Council of Europe Youth Assembly on the occasion of the  World Forum for Democracy

(Strasbourg, 5 October 2012)
Dear friends,
Let me welcome you most warmly to the Council of Europe and to this Youth Assembly. You have the privilege – and the responsibility – of being part of the very first event of the very first Strasbourg World Forum for Democracy, and this is no accident. 
There is a well-worn saying that “Young people represent the future”. 
I think that older people, such as myself, like to use this cliché partly because it comforts us in our own place as the movers and shakers of the world. But – sadly for our egos – I do not believe that it is true. 
No: young people do not represent the future – they are the present.
Today, more than ever, we are witnessing the active role played by young people in questioning and redefining our democratic societies.

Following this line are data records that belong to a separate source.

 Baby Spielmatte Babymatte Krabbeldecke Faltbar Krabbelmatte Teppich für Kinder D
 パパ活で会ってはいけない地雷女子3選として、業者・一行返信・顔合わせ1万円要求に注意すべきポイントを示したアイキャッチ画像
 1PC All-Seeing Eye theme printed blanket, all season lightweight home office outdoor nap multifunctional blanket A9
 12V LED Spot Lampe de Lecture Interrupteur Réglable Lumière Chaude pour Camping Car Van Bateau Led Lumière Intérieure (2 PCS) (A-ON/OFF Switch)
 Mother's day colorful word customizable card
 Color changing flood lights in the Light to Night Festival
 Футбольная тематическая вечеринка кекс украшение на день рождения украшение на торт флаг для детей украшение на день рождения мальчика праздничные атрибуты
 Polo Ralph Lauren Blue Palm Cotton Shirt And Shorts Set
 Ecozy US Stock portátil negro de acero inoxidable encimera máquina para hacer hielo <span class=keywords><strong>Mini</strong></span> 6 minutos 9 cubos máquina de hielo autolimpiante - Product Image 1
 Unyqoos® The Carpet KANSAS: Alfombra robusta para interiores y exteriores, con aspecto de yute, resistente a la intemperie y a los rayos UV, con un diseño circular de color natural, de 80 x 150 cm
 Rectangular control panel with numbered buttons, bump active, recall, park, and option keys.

A real revolution is underway, in many senses of the word. Let me explain what I mean.
Our democratic models and institutions – the main political ideologies, our voting systems, parliaments, and governmental structures – came into being as a consequence of the second Industrial Revolution in Europe.   This is still evident, even in the terms we use. To give you an example which I like very much –the term “left-wing” for socialists and “right-wing” for conservatives find their origin in the French Revolution, where supporters for the king were seated to the right of the chamber and supporters of revolution on the left.
For the last decade or so, we have been in the midst of a new type of industrial revolution, or rather a technological revolution. In fact, it is not the technology in itself which is the real revolution, but how it is impacting on our ways of communicating and acting as individuals and as societies. 
Our societies are undergoing a deep transformation, and for the moment we cannot clearly foresee what the outcome of this transformation will be. But already we start to realize that the implications for how we practice democracy may be profound. 
To give just a few recent examples, think of the role played by the use of new technologies in the mass demonstrations of the Arab Spring, bringing together those who we mistakenly believed did not have a voice. 
Think of the growth of so-called “pirate parties”, where citizens join together spontaneously around a message or manifesto which challenges mainstream political organization. 
Think of the speed with which politicians now comment and take a stance on unfolding events in real time, via Twitter or Facebook – sometimes, I fear, before they have taken even a few minutes to think through their reactions. 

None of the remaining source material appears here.